Les conditions de vie sont difficiles pour les habitants de la région de Kongolo, mais elles n’entravent pas la vitalité des chrétiens héritée du témoignage des missionnaires. Entretien avec MgrOscar Ngoy, spiritain.


Le nom de Kongolo résonne comme celui d’un haut lieu dans l’histoire de la Congrégation. Comment, en tant qu’évêque de Kongolo, assumez-vous cette histoire tragique ?

Moi-même et tous les chrétiens du diocèse essayons d’être les témoins de cette histoire pour les générations qui viennent. La célébration du centenaire de l’évangélisation du diocèse de Kongolo en 2010 a été marquée par l’évocation du massacre. Avec le cinquantenaire de l’événement tragique nous continuons à nous approprier cette histoire, car elle n’appartient pas seulement à la Congrégation mais aussi à l’histoire du diocèse tout entier. Il nous revient de faire en sorte que le diocèse continue à vivre du témoignage de ses martyrs.


Est-ce que le souvenir des martyrs est très présent dans la population ?

Oui, les gens se remémorent les événements de Kongolo par un chant, composé il y a quelques années, qui permet, même à ceux qui ne sont jamais allés à l’école, de se souvenir et de s’approprier ces événements. Des personnes sont venues en parler avec moi. Le diocèse a organisé un grand pèlerinage le jour anniversaire des 50 ans, sur les différents lieux construits par les missionnaires. L’actuel camp militaire où ils furent tués a ouvert ses portes pour l’occasion. Un des témoins, jeune séminariste au moment des faits, y retournait pour la 1re fois après 50 ans. Il a pris la parole, c’était très émouvant.

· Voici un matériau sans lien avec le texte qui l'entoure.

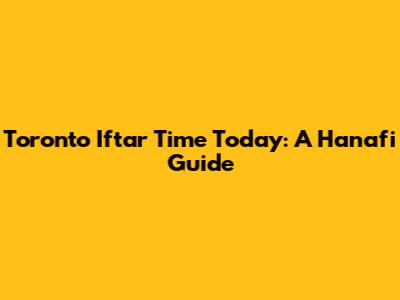 Toronto Iftar Time Today: A Hanafi Guide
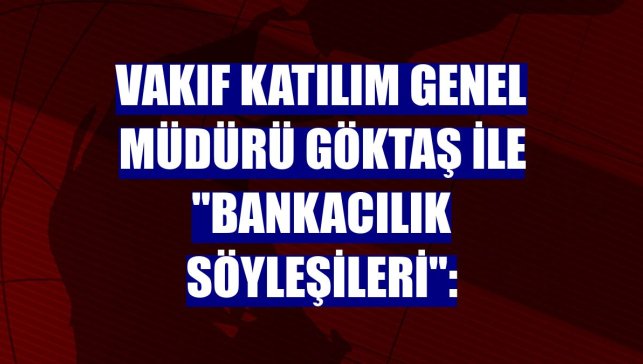 Vakıf Katılım Genel Müdürü Göktaş ile "Bankacılık Söyleşileri":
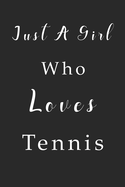 Just A Girl Who Loves Tennis Notebook: Tennis Lined Journal for Women, Men and Kids. Great Gift Idea for all Tennis Lover Boys and Girls.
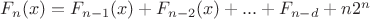 $F_n(x) = F_{n - 1}(x) + F_{n - 2}(x) + ... + F_{n - d} + n 2^n$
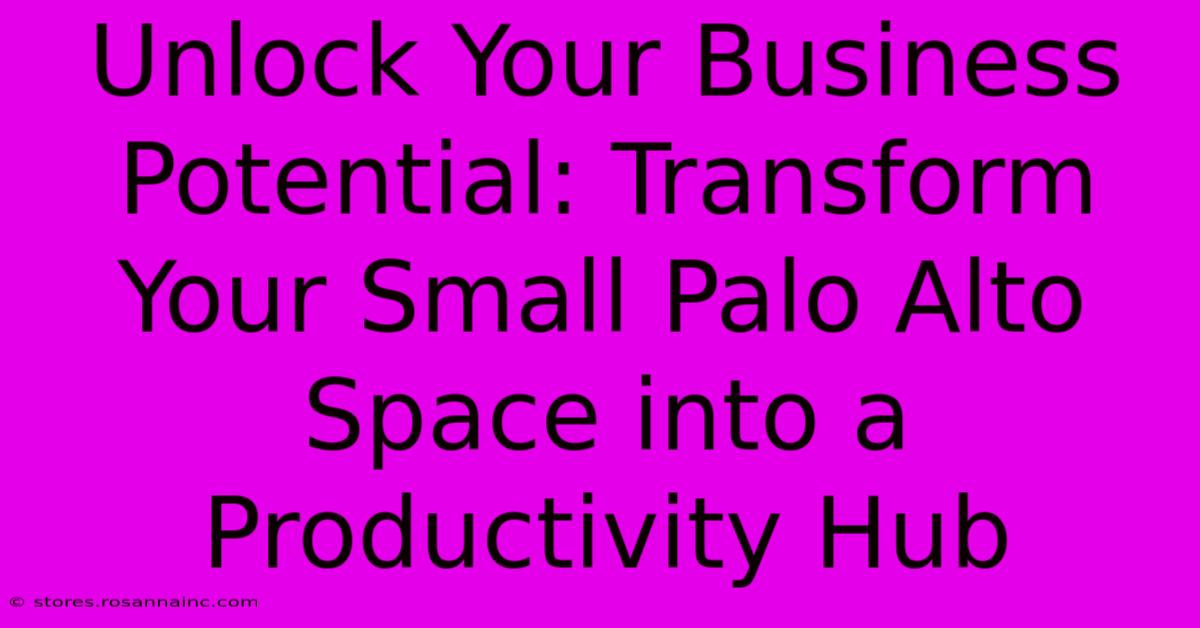 Unlock Your Business Potential: Transform Your Small Palo Alto Space Into A Productivity Hub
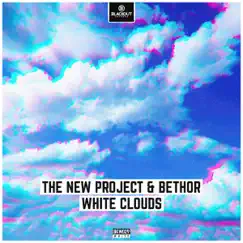 White Clouds - Single by The New Project & Bethor album reviews, ratings, credits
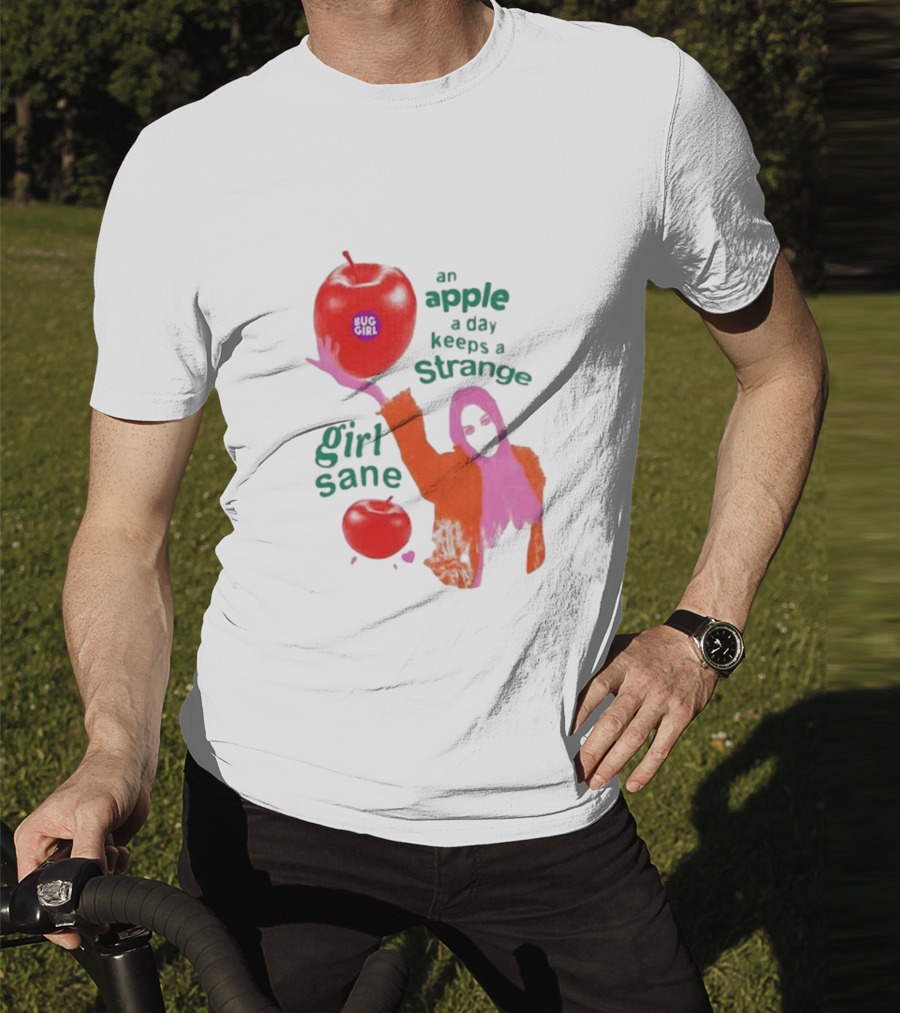 An Apple A Day Keeps A Strange Girl Sane Bug Girl T-Shirt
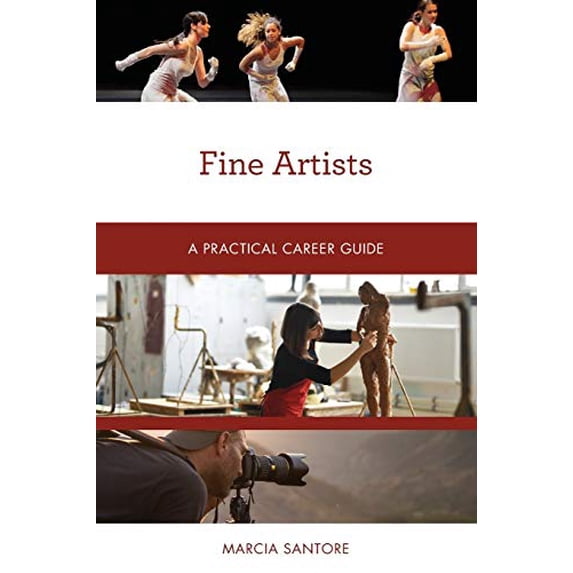 Pre-Owned Fine Artists : A Practical Career Guide (Paperback) 9781538134320
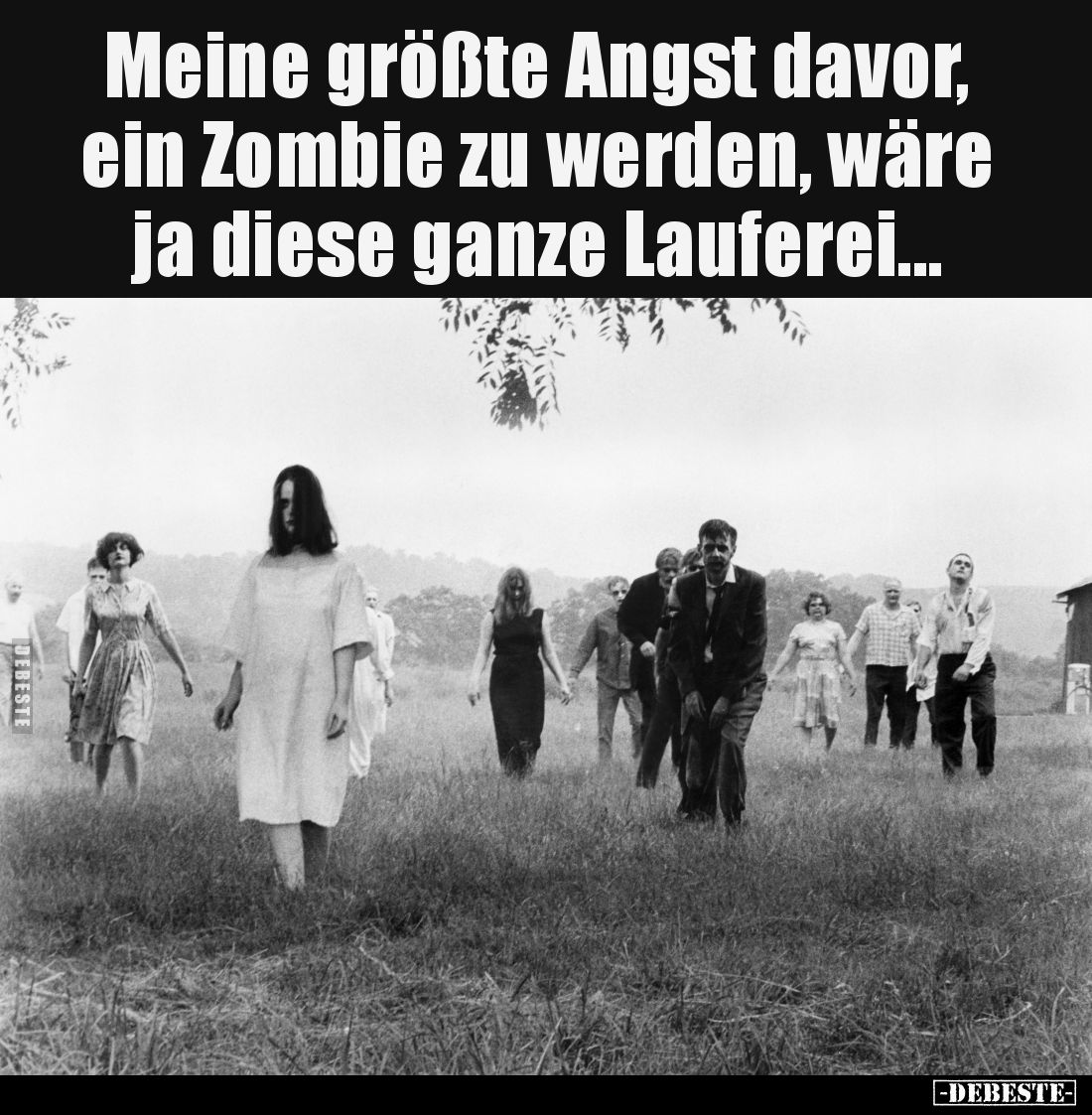 Meine größte Angst davor, ein Zombie zu werden... - Lustige Bilder | DEBESTE.de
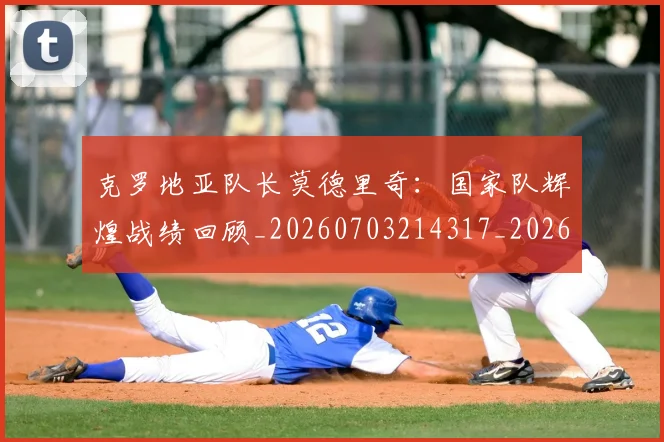 克罗地亚队长莫德里奇：国家队辉煌战绩回顾_20260703214317_20260718003812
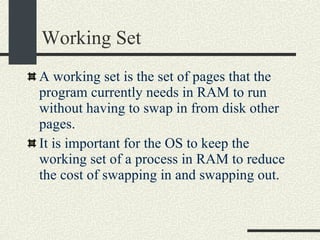 Working Set A working set is the set of pages that the program currently needs in RAM to run without having to swap in from disk other pages. It is important for the OS to keep the working set of a process in RAM to reduce the cost of swapping in and swapping out. 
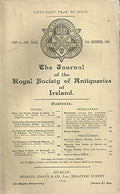 The Journal of the Royal Society of Antiquities of Ireland, Part 4, Vol XXXIX (39), 31st December 1909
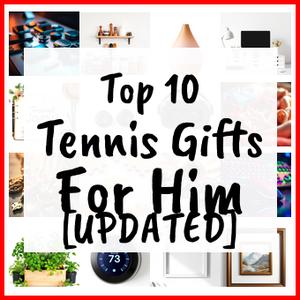 Tennis Gifts For Him [UPDATED]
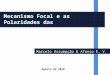 Marcelo Assumpção & Afonso E. V. Lopes Mecanismo Focal e as Polaridades das Ondas de Corpo (Parte 1) Agosto de 2010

La région de Kongolo vit-elle en paix maintenant ?

Oui, la paix s’installe après les conflits qui ont divisé le pays entre 1998 et 2003. Un signe important : les gens reviennent, commencent à reconstruire leur maison en matériaux durables et à travailler aux champs. Ils ont davantage confiance en eux-mêmes.


Nous avons l’impression que Kongolo est très isolé…

Toute la région nord du Katanga est très enclavée. Les routes, insuffisantes, sont mal entretenues. Les avions sont rares. Les trains et le rail ont vieilli, leur entretien, mal assuré par les compagnies pour le transport du minerai, coûte cher.

Les gens rencontrent de grandes difficultés pour se déplacer. Moi-même, lorsque je vais à Lubumbashi, j’y reste plusieurs jours pour éviter des allers-retours fatigants et l’usure du véhicule.

Le tissu économique du pays demeure fragile. Les choses ne peuvent avancer que doucement. Ce qui serait très utile, c’est la réfection des routes afin que les paysans
puissent évacuer les produits agricoles vers les centres de consommation.


Que fait l’Église pour venir en aide aux populations ?

L’hôpital général de Kongolo est aux mains du diocèse ainsi que plusieurs centres de santé. Nous avons créé un bureau de développement pour lancer des microprojets agricoles. C’est ainsi qu’avec l’aide financière de la Conférence épiscopale italienne nous avons relancé la culture du café, dans une région très reculée.

Nous aimerions aussi aider à l’amélioration de l’habitat mais il nous faut rencontrer des partenaires pour financer cette action. Comme il y a carence de personnel médical dans la région, deux prêtres du diocèse sont en formation de médecine à l’Institut catholique de Bukavu et un autre apprend les techniques de construction.


Pour promouvoir la paix et la réconciliation, quelles actions engagez-vous ?

Avec la commission diocésaine Justice et Paix, nous essayons de constituer des équipes au niveau de chaque communauté de base pour que les gens apprennent à résoudre les conflits sans utiliser la violence. Nous les encourageons à entreprendre une vraie démarche de réconciliation. C’est un travail de longue haleine. Mais j’ai bon espoir et les chrétiens sont motivés.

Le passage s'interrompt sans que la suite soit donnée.